Forgive me Google, for I have sinned. It has been 8 days since my last blogging. I have no excuses other than the sulking emotions of a blogger with no followers. I would like to insert a lovely metaphor about a shepherd without sheep or maybe a chip without seagulls, but I just don't have time to contrive a funny statement. And yes.. I know what you are thinking. A chip WOULD be extremely happy if there were no seagulls but alas, I am no chip.
Are you sitting comfortably? Then I will begin.
After two solid months in Melbourne, I have finally landed a job. A good job. In design and advertising at a prestigious newspaper. How did I do it? Well, it was a mixture of silly drawings on my resume, charming interview skills and a very lucky cross in life events which happened to me, and to my interviewees. So I start that this Monday, which means finally I will have this thing some people get called 'disposable income'. You may have heard of it. It is great I hear. Being an artist/designer, I haven't come across it before so I am quite excited yet scared of what it may bring. It is like getting a hippo for a gift. It's frightening, but all you want to do is jump on it's back and pretend you're someone from Wilbur Smith's River God. That doesn't make any sense... most likely because I only read the first chapter of River God when I was 13 and cried when they killed a hippo. SO uh yeh, that's dandy. I also bought a triforce wallet - it's awesome. It matches the triforce on my car.. and the one I think about tattooing on my shoulder blade. But who am I kidding? Needles? PUH! Needles are just. so. gay.
You may come to realize that my life is quite boring at the moment, but this may be because I have no DI (that's disposable income for all you 'non-with-its'.) But that will soon change and my blog may get better, but I am not promising anything. It will be mostly me rambling about things I dislike. Like people who replace 'my' with 'me'. I was listening to two grown women talk about 'me car got broken into and I had to call me insurance'. Got Damn! It's not even a shortcut, it's just ridik! That's right, ridik. Put that in your acronym and shorten it. BAM!
You know what, ima stop here. It's gone far enough. I must end this transmission before I start to ramble.......

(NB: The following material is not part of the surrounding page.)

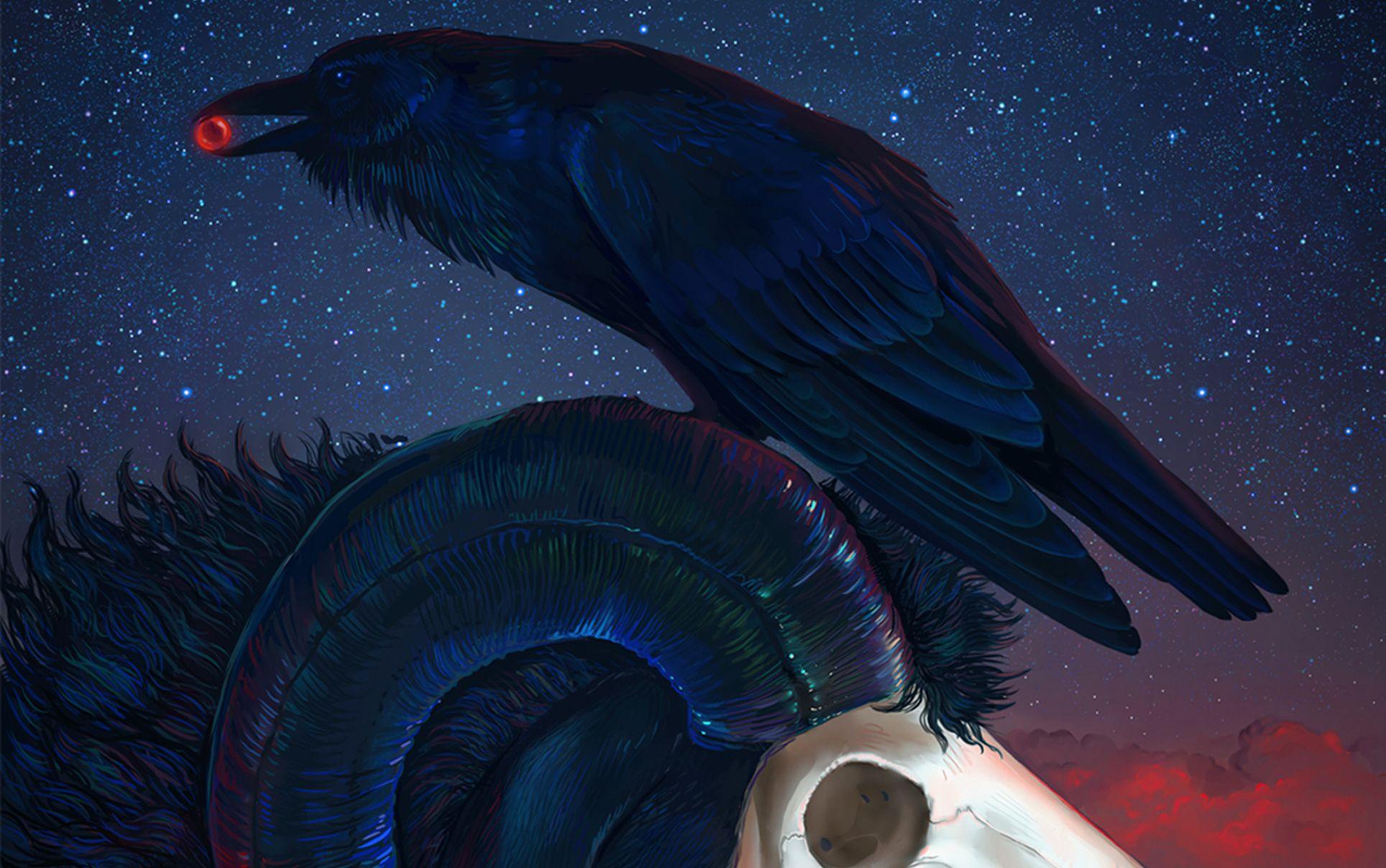 1928x1208 Occult Wallpaper Download I553I7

Wednesday, 25 January 2012
Tuesday, 17 January 2012
ha HA! And so it begins. The perilous journey of 'blogging'.. As perilous as eating a sandwich.. which is not perilous at all.. unless you don't have opposable thumbs.. wait, does that matter? Can monkeys eat sandwiches?... what does perilous mean? I'm kidding! I know it's a light shade of purple.
And so it begins! This light shade of purple journey of blogging! Unlike all the interesting people who span the virtual web, I have little to offer in the ways of story telling, life hints and dancing cats: although do not fear! I will try and make this load of cods wallop as interesting as an interesting thing. Using cods wallop should keep you happy for a few minutes.
So, about me. Well, as good old mIRC would say, I am 22/f/melb LOLZ. Wow, so many squiggly lines my head aches. I am 20 and 2, of the xx category and I live in Melbourne, Australia. I moved here from Perth not 2 months passed and I have read the first three books of 'The Song of Ice and Fire' in as many weeks and have found myself citing the old tongue of Westeros quite fluently. It's kind of like how young'ns these days 'shrtn evrythng on the net as a new frm of lngage' and I have gone the complete opposite direction and now speak every word correctly. I'm such a conformist, man! Like everyone else in Melbourne. "I moved to Melbourne because people in Perth just don't 'get me'". If I hear one more person say that, I am gonna slap their hipster face.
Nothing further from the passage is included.